Quel-le chorégraphe n’a pas rêvé un jour de revisiter Le Lac des Cygnes ? Tout est dit de la danse dans ce ballet, notamment le deuxième acte élevé au rang de chef-d’oeuvre total. Mais tout chef-d’oeuvre appelle justement à être bousculé. Le Lac, beaucoup s’y sont essayés, peu y ont vraiment réussi, aucun n’a en tout cas réalisé ce qu’a fait Mats Ek avec Giselle, une adaptation devenue aussi classique et universelle que son modèle.

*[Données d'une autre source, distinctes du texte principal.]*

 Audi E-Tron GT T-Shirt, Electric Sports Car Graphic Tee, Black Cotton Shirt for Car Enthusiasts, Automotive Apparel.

LAC de Jean-Christophe Maillot

LAC de Jean-Christophe Maillot

Jean-Christophe Maillot s’est à son tour jeté dans cet étrange exercice. Le résultat donne LAC, un ballet exubérant, conçu sur-mesure pour sa troupe, riche en idées et ingéniosités. Pas de révélation, pas de chamboulement du mythe Lac des Cygnes, mais un spectacle diablement séduisant, où les peurs enfantines sont exposées dans un déferlement de danse et de musique.

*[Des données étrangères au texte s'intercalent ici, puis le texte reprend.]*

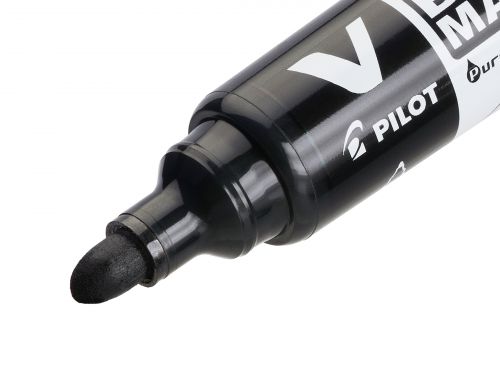 70799PT | Pilot's V BOARD MASTER is a high quality bullet tip marker which is made from 91% recycled plastic. Features include vivid coloured, smooth flowing liquid ink which can be easily erased from all types of whiteboard surfaces using a cloth.  The unique twin-pipe feeder system delivers exceptional performance right down to the last drop.  Containing no xylene or similar solvents, it is also refillable, meaning that one V BOARD MASTER can last much longer than other markers.  The V BOARD MASTER is also odour-free, and available in 5 colours (black, blue, red, green and orange).6.0mm tip / 2.3mm line width.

Alors qu’il était enfant, le Prince a vu sa meilleure amie se faire enlever par Sa Majesté de la Nuit. Une fois adulte, cette terreur enfouie l’empêche de tuer le père (ami-e-s freudiens, vous allez adorer). Lors d’un bal pour lui trouver une fiancée (ça, ça ne change pas, les habitué-e-s apprécieront d’ailleurs les nombreux clins d’oeil), le Prince est fasciné par un étrange cygne noir, la fille de Sa Majesté de la Nuit (qui rend elle-même le père gaga). Alors qu’il la recherche, il retrouve son amie, le Cygne blanc, symbole de pureté. Le monde de l’enfance est perdu, nous sommes chez les adultes et ils ne pourront jamais se retrouver. Mais le Prince a su faire face et vaincre ses peurs profondes.

LAC de Jean-Christophe Maillot

LAC de Jean-Christophe Maillot

Jean-Christophe Maillot s’amuse beaucoup avec ses terreurs enfantines. Sa Majesté de la Nuit est une sorte de cygne noir un peu effrayante et étrange. La procession des cygnes blancs devient macabre à la Tim Burton. Les mains se tordent, les jambes sont acérées. Paradoxalement, le monde de la pureté semble avoir beaucoup inspiré le chorégraphe, qui n’a pas trop su quoi faire de son cygne blanc. La jeune danseuse ne semble pas comment utiliser ses longs bras couverts de plumes, l’énergie du premier acte s’étiole. Peut-être aurait-il fallu la laisser à l’état de souvenir, comme au premier acte, image planante au milieu des danses festives d’un corps de ballet déchaîné.

Mais l’efficacité visuelle de Jean-Christophe Maillot l’emporte dans une superbe bataille finale, extrêmement bien agencée et marquante. Le chorégraphe a aussi la chance de pouvoir s’appuyer sur d’excellents interprètes et il sait les mettre en valeur. Alvaro Prieto joue ainsi un Roi savoureux, démoniaque avec cette pointe de ridicule décalé. Maude Sabourin enveloppe d’un inquiétant mystère son personnage de Sa Majesté de la Nuit. Tout deux forme un couple étrange et sulfureux, en opposition à la tendresse si simple du prince et du Cygne blanc. Une confrontation qui apporte toute la force au premier acte, et joue si habilement du mythe Lac des Cygnes.

LAC de Jean-Christophe Maillot

LAC de Jean-Christophe Maillot

 

LAC de Jean-Christophe Maillot par les Ballets de Monte-Carlo, au Théâtre de Chaillot. Avec Alvaro Prieto (le Roi), Mimoza Koike (la Reine), Maude Sabourin (Sa Majesté de la Nuit), Stephan Bourgond (le Prince), Anja Behrend (le Cygne Blanc), April Ball (le Cygne Noir), Jeroen Verbruggen (le Confident du Prince), Asier Edeso et Bruno Roque (les Archanges des Ténèbres). Mardi 10 juin 2014.